--- Records for the task Enclosed Below ---
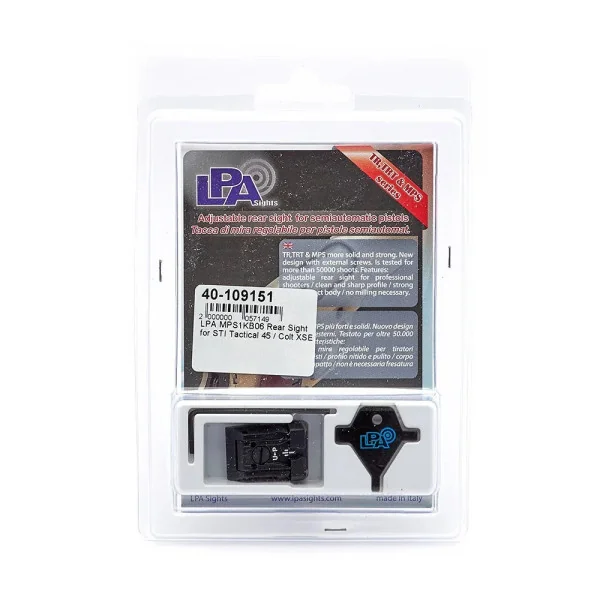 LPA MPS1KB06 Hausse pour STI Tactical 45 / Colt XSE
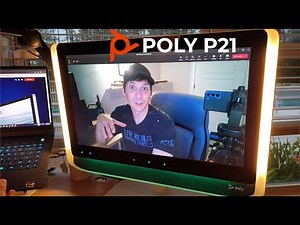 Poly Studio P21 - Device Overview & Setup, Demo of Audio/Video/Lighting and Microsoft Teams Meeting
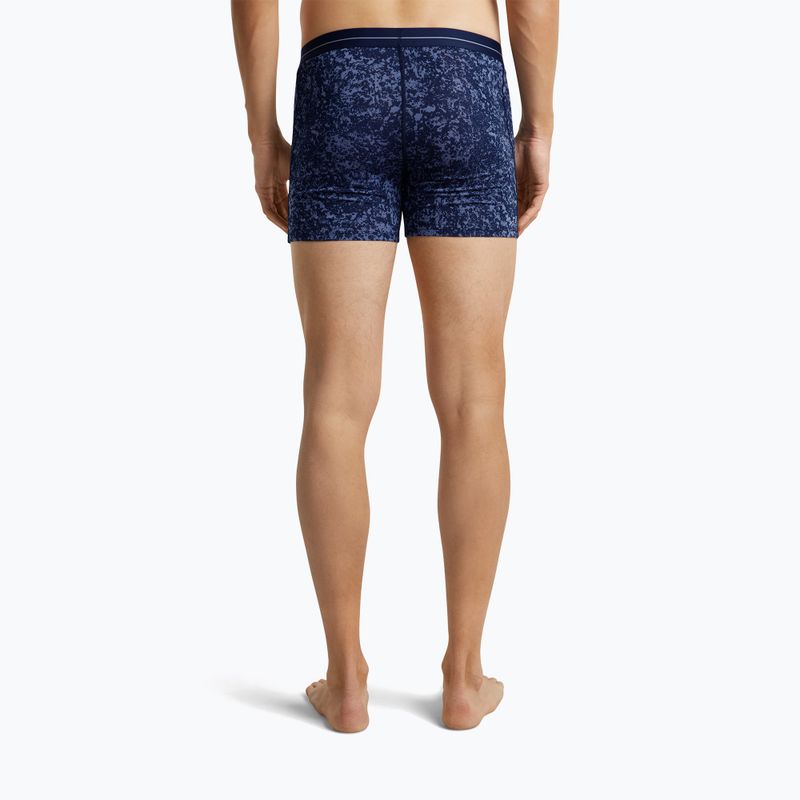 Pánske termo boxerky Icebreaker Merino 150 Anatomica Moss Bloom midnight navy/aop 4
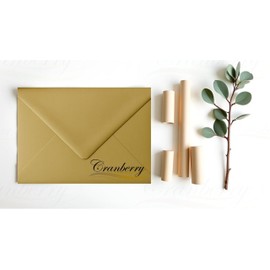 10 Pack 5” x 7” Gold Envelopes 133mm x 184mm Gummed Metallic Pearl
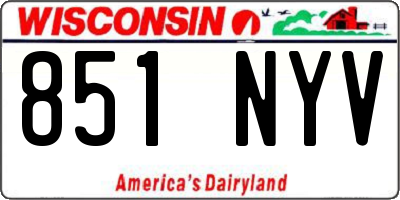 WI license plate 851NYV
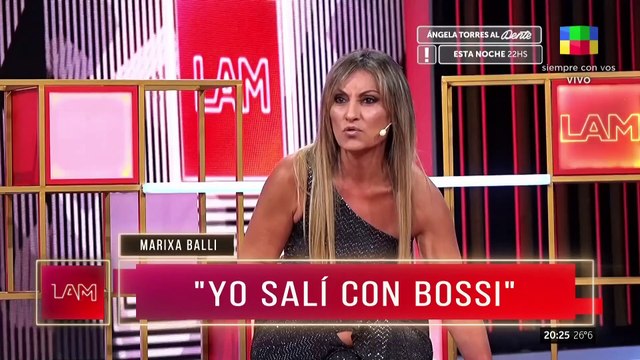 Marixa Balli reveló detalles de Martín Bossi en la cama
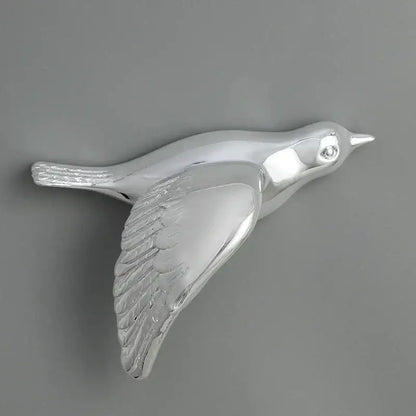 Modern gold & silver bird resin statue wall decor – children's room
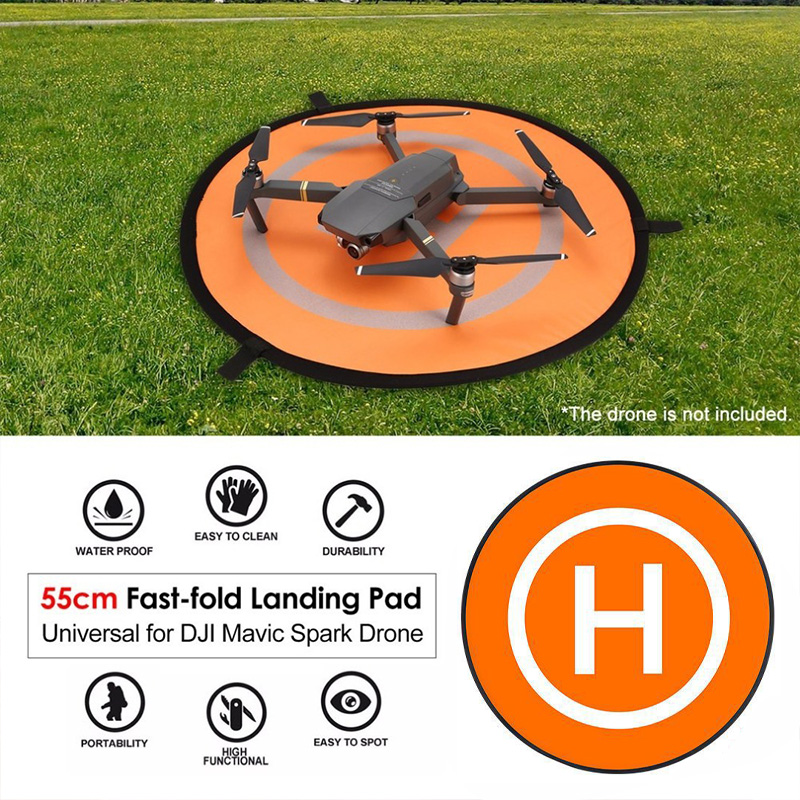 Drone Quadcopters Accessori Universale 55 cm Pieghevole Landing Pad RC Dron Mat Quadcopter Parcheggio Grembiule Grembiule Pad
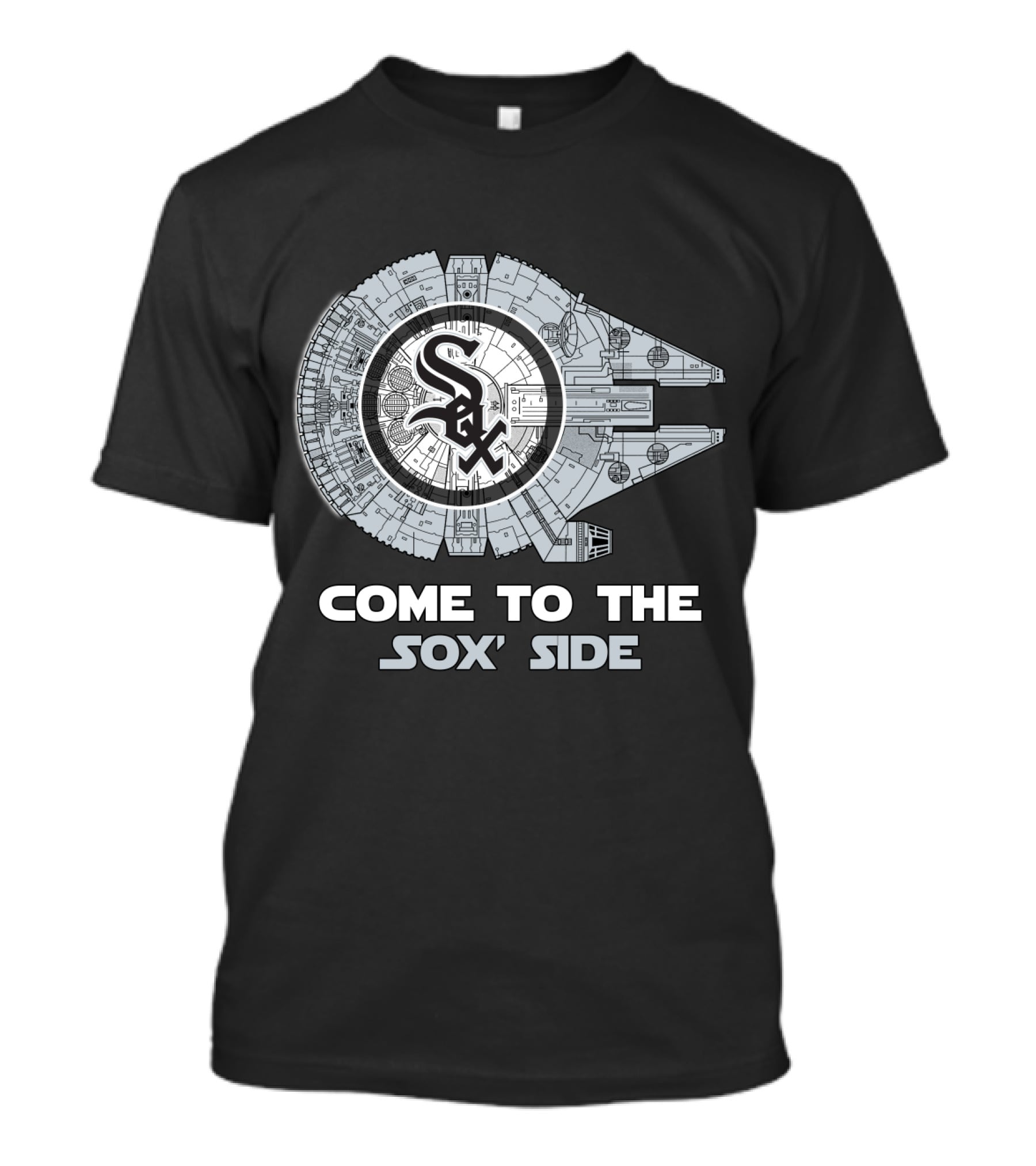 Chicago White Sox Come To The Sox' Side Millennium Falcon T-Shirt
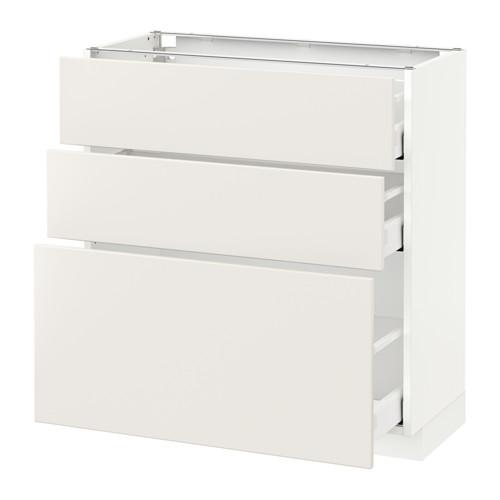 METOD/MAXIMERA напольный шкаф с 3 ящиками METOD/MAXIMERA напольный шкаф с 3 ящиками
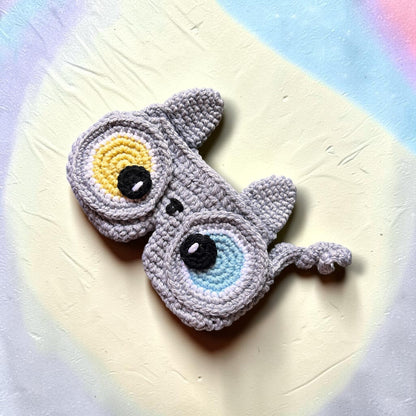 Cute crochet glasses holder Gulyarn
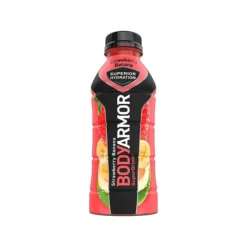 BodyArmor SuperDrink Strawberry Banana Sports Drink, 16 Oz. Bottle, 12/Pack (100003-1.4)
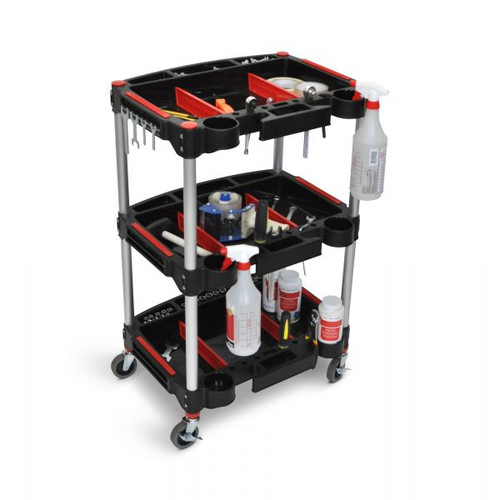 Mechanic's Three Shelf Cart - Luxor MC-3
--- End of Enclosed Records for the task ---
What the task requires: Could you give the material above again, exactly and without its pictures?

Solution for this task:
 LPA MPS1KB06 Hausse pour STI Tactical 45 / Colt XSE
 Poly Studio P21 - Device Overview & Setup, Demo of Audio/Video/Lighting and Microsoft Teams Meeting
 Pánske termo boxerky Icebreaker Merino 150 Anatomica Moss Bloom midnight navy/aop 4
 10 Pack 5” x 7” Gold Envelopes 133mm x 184mm Gummed Metallic Pearl
 WI license plate 851NYV
 Marixa Balli reveló detalles de Martín Bossi en la cama
 Modern gold & silver bird resin statue wall decor – children's room
 Drone Quadcopters Accessori Universale 55 cm Pieghevole Landing Pad RC Dron Mat Quadcopter Parcheggio Grembiule Grembiule Pad
 Chicago White Sox Come To The Sox' Side Millennium Falcon T-Shirt
 METOD/MAXIMERA напольный шкаф с 3 ящиками METOD/MAXIMERA напольный шкаф с 3 ящиками
 Cute crochet glasses holder Gulyarn
 BodyArmor SuperDrink Strawberry Banana Sports Drink, 16 Oz. Bottle, 12/Pack (100003-1.4)
 Mechanic's Three Shelf Cart - Luxor MC-3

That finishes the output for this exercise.